Monday, August 27, 2007

Anonymizing Social Network Data

Because of the sensitivity of the data encoded in social networks such as Facebook and MySpace, there has been a lot of interest recently in techniques to anonymize such data. There are many potential applications for studying such social networks, such as understanding how information and disease can spread, as well capturing how people tend to interact with each other. But when information about networks has been collected by a site, it is often not desirable to release the data unmodified, since this could allow inference about individuals, while the goal of the information release is to allow inference about the group as a whole but not any one person. In medical and other private databases, there has been a lot of study of how to anonymize private data in order to allow publishing of anonymized data, but network data brings additional challenges.

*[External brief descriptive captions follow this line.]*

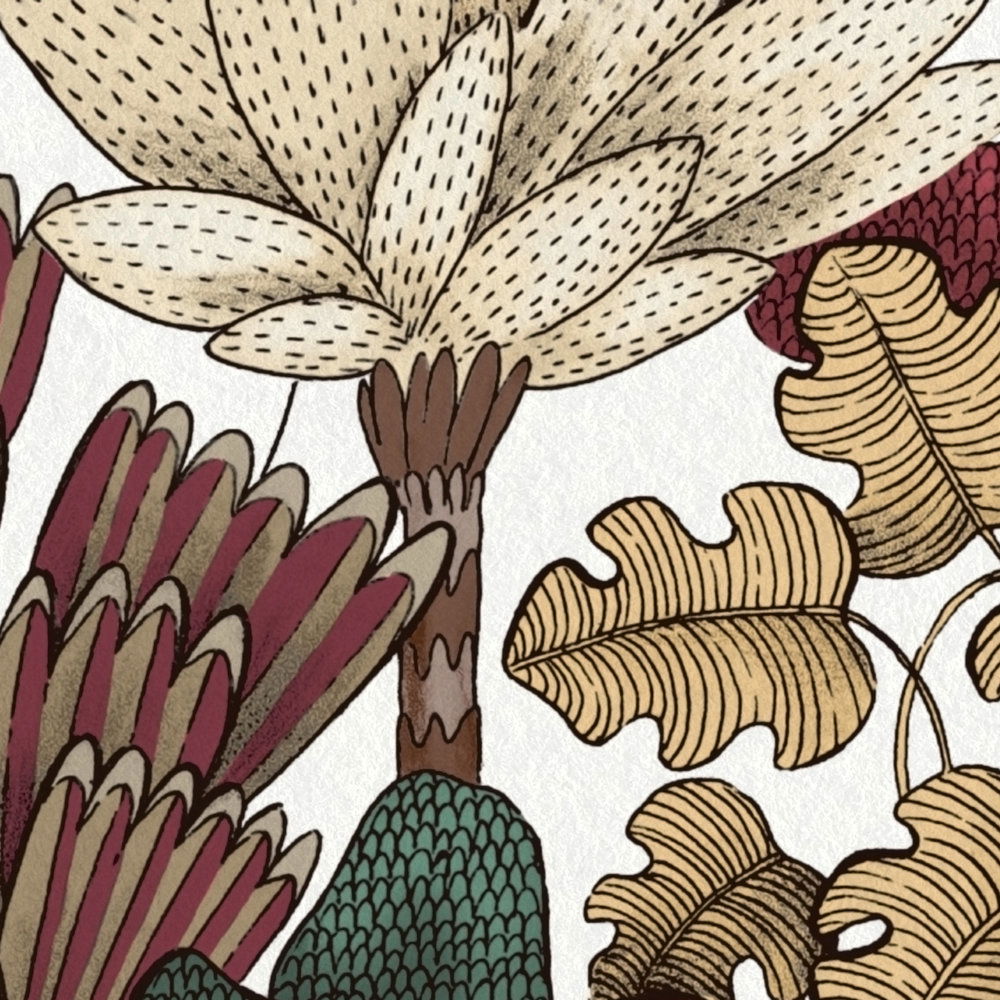 Architects Paper Tapete Floral Impression Architects Paper Tapete Floral Impression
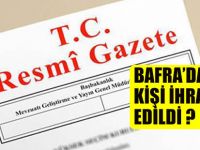 Bafra'dan görevden kaç kişi ihraç edildi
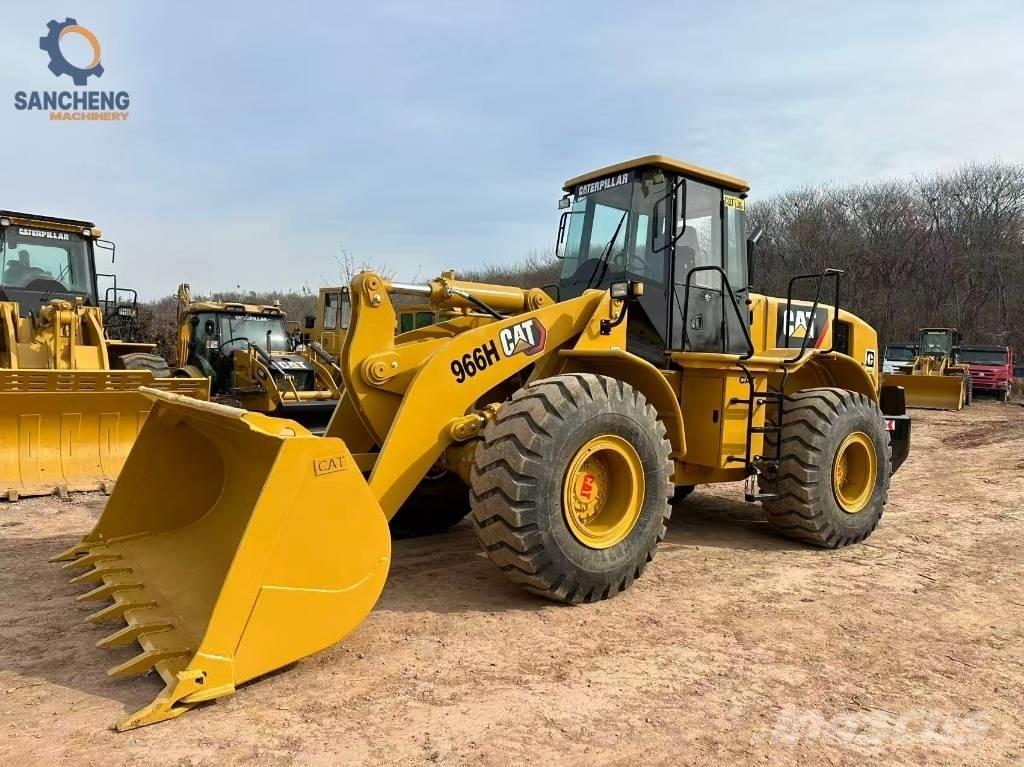 CAT 966H Incarcator pe pneuri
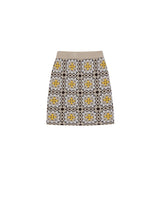 GRANNY SQUARE KNIT MINI SKIRT SAND BEIGE (6691436986486)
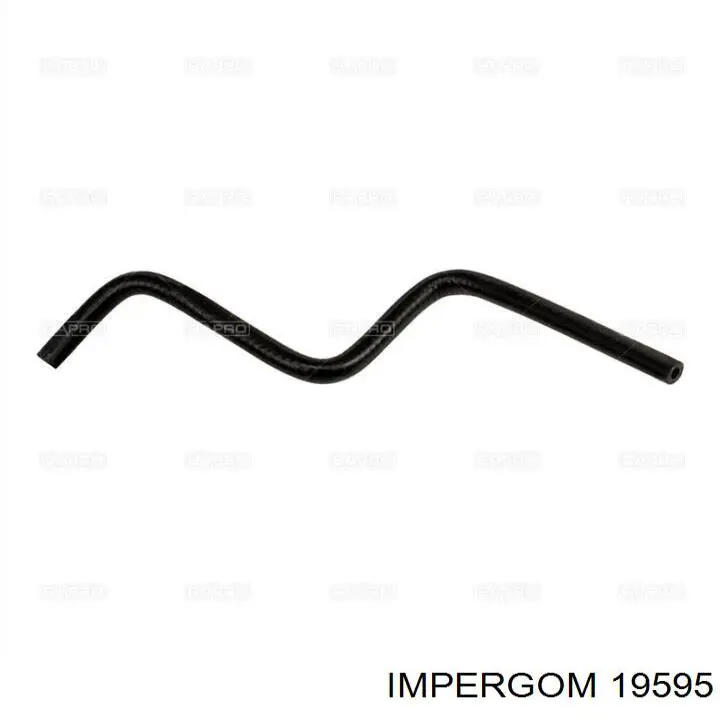 Патрубок системы охлаждения Impergom 19595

More formally, model the network as a simple graph G. Even publishing solely the nodes and edges of G, without any identifying information, may still reveal information, since a node of sufficiently high degree may be uniquely identifying. In some recent work, Dwork et al consider both active and passive attacks on such data, and show that with the collusion of a small group of people represented in the graph, some additional information can be extracted. The results follow by considering a variation of the random graph model, and arguing that some small but large enough structures are likely to be unique within the graph. Other work in this model has studied other attacks on anonymized data, using machine learning perspectives, or a more graph theoretic approach. The conclusions of the work so far seems to be that many natural anonymization schemes do not guarantee privacy against some reasonably strong attack models, but nor do they guarantee exposure. Even various perturbations of the input data seem to be insufficient to limit the efficacy of an attack while maintaining utility of the published data.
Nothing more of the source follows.